(Supplied entries begins)

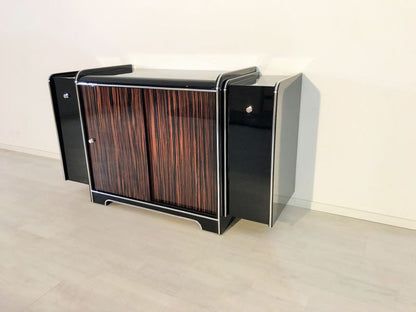 Art Deco Barschrank aus Makassarholz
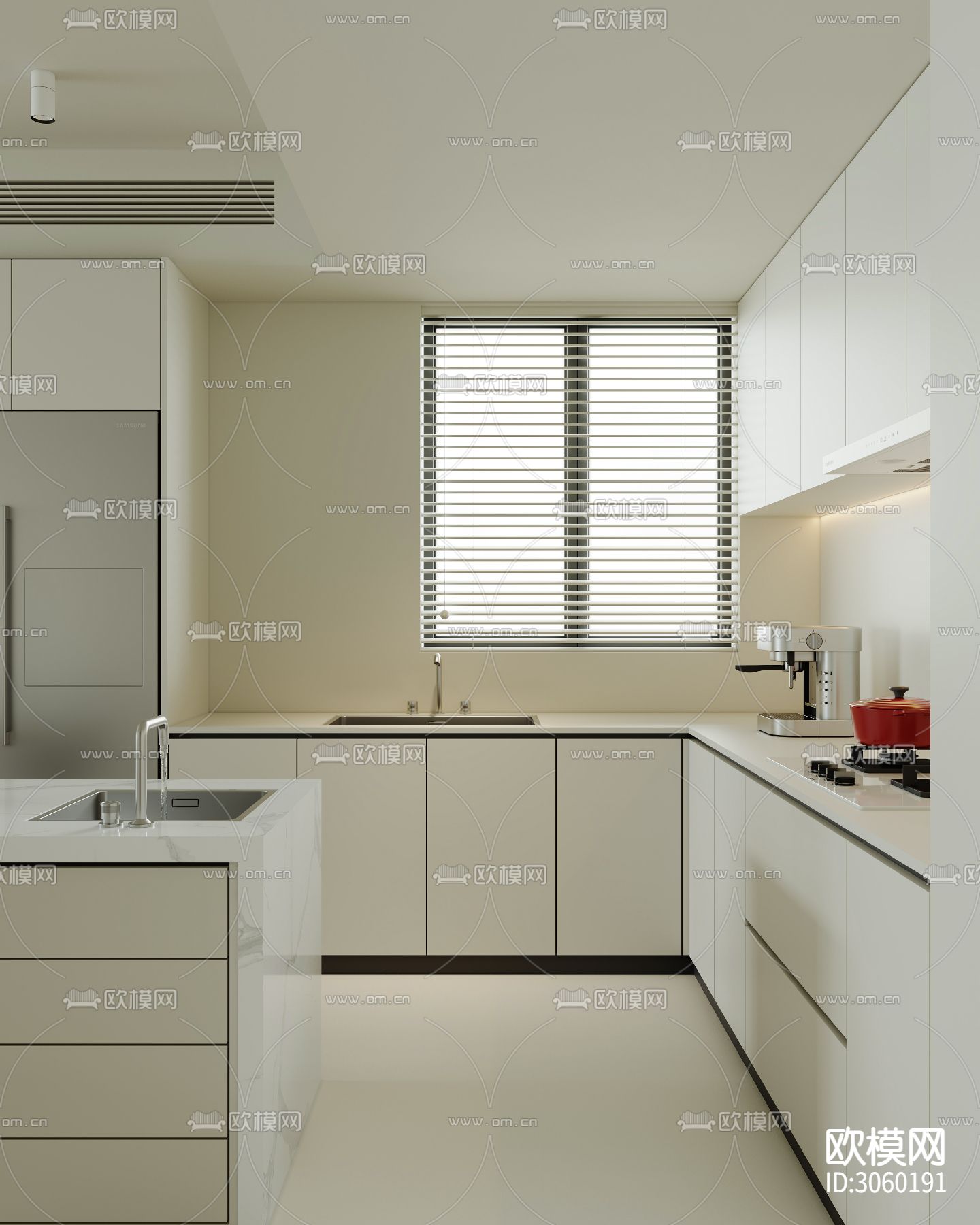 现代极简客餐厅 厨房效果图下载（渲染图6）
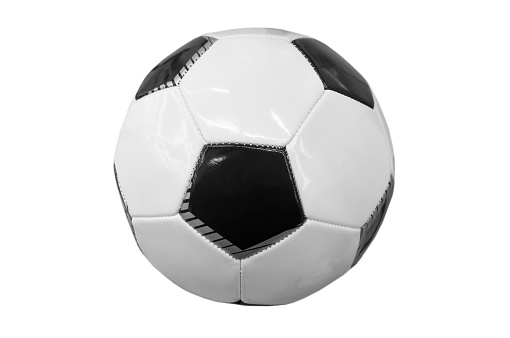 Soccer leather ball or football ball isolated on white background..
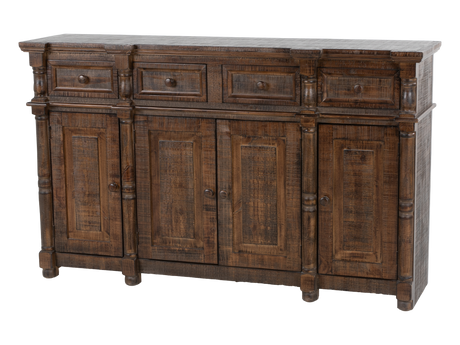 Wooden sideboard with marble top on a white background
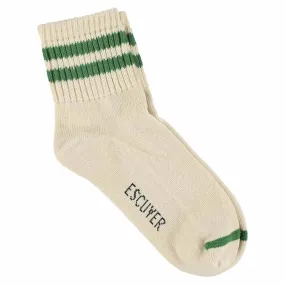 Women Ankle Socks Ecru / Green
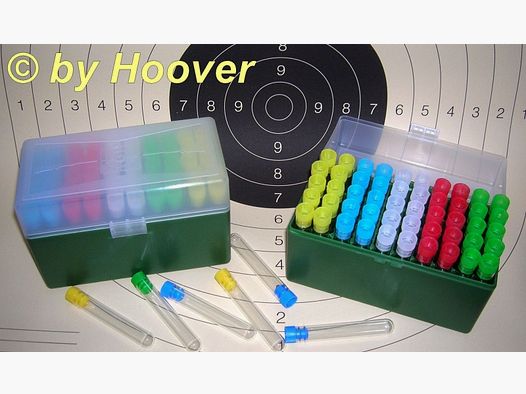 50 antistatische GLASPULVERRÖHRCHEN bis ca. 75 grain in MEGALINE Box + 3 Ersatzröhrchen!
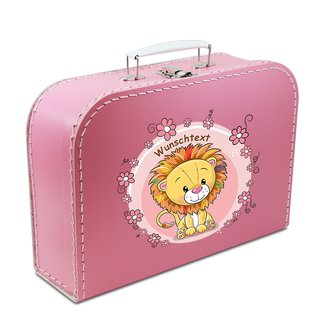 Spielzeugkoffer Kinderkoffer Pappe pink mit Löwe, Blumenborde und Wunschtext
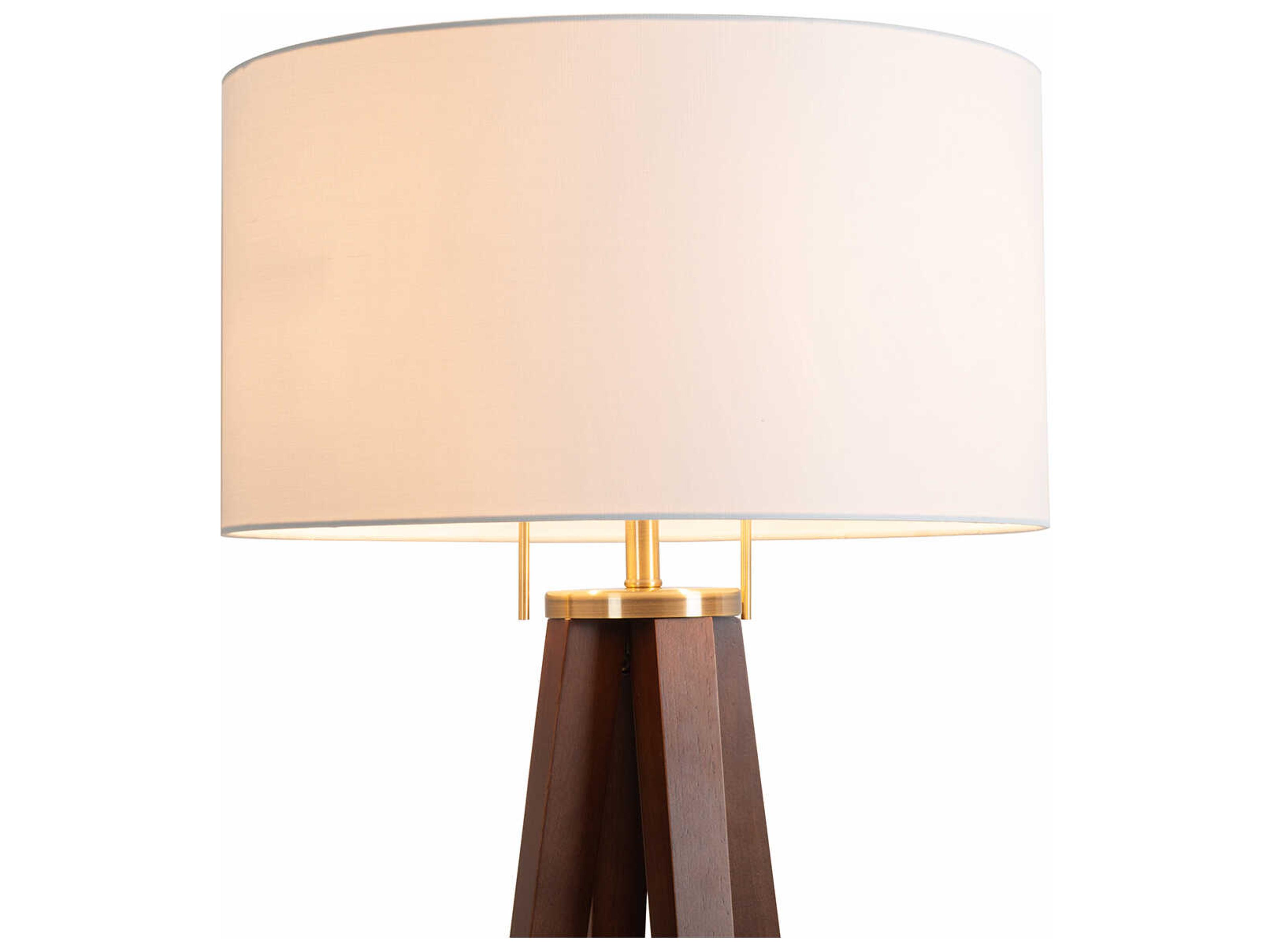 Nova Quattro Dark Walnut Weathered Brass White Linen Brown Floor Lamp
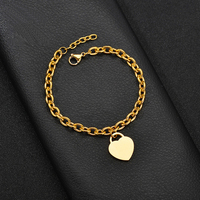 Joyería de Oro Rosa al por Mayor, Estilo Coreano, Pulsera de Moda de Alta Gama, Colgante de Corazón en Blanco, Pulsera Personalizada para Mujer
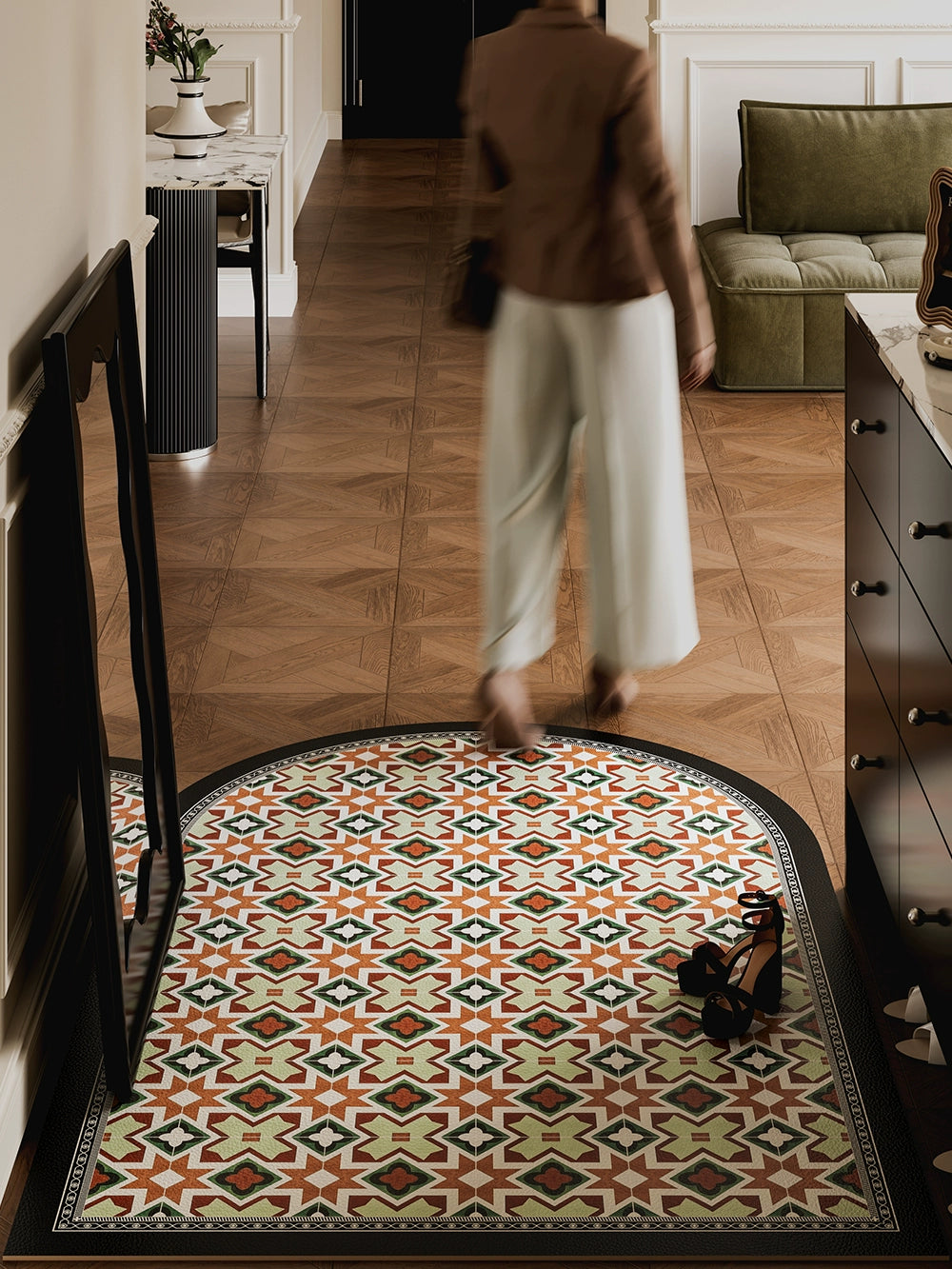 Selena French Retro Leather Doormat - Non-Slip Washable Dirt-Resistant Entryway Rug Antique Floor Mat Decor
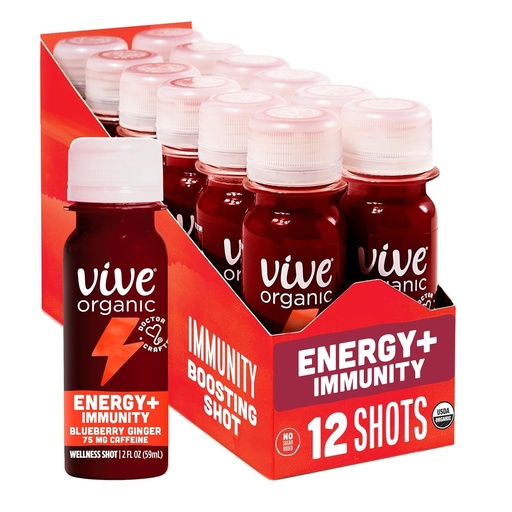 [BRSWYZYLAUNWC3DF] Vive Organic Energy Shot + Immune Support, Immune Defense with Ashwagandha, Green Tea & Caffeine, Gluten Free, Vegan, Energy and Focus, 2 Fl Oz (Pack of 12)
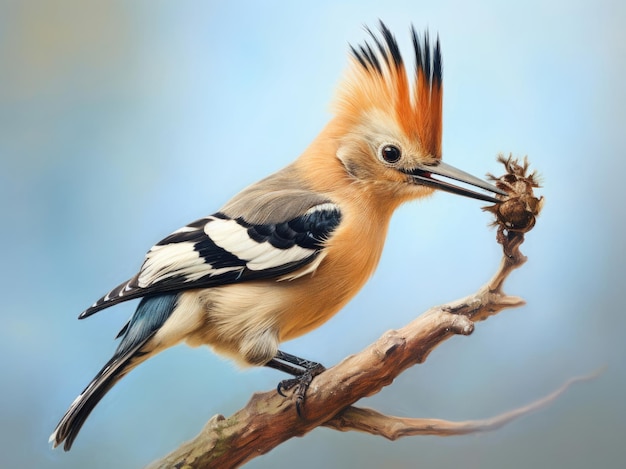 El pájaro Hoopoe de Eurasia con su captura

(Supplied entries ends)

Work to be completed:
Set down word for word the lines above from the one with "Wooden sideboard with" up to and including the one with "Joyería de Oro". Omit every picture.

The answer:
 Wooden sideboard with marble top on a white background
 Women Ankle Socks Ecru / Green
 50 antistatische GLASPULVERRÖHRCHEN bis ca. 75 grain in MEGALINE Box + 3 Ersatzröhrchen!
 Spielzeugkoffer Kinderkoffer Pappe pink mit Löwe, Blumenborde und Wunschtext
 Nova Quattro Dark Walnut Weathered Brass White Linen Brown Floor Lamp
 Joyería de Oro Rosa al por Mayor, Estilo Coreano, Pulsera de Moda de Alta Gama, Colgante de Corazón en Blanco, Pulsera Personalizada para Mujer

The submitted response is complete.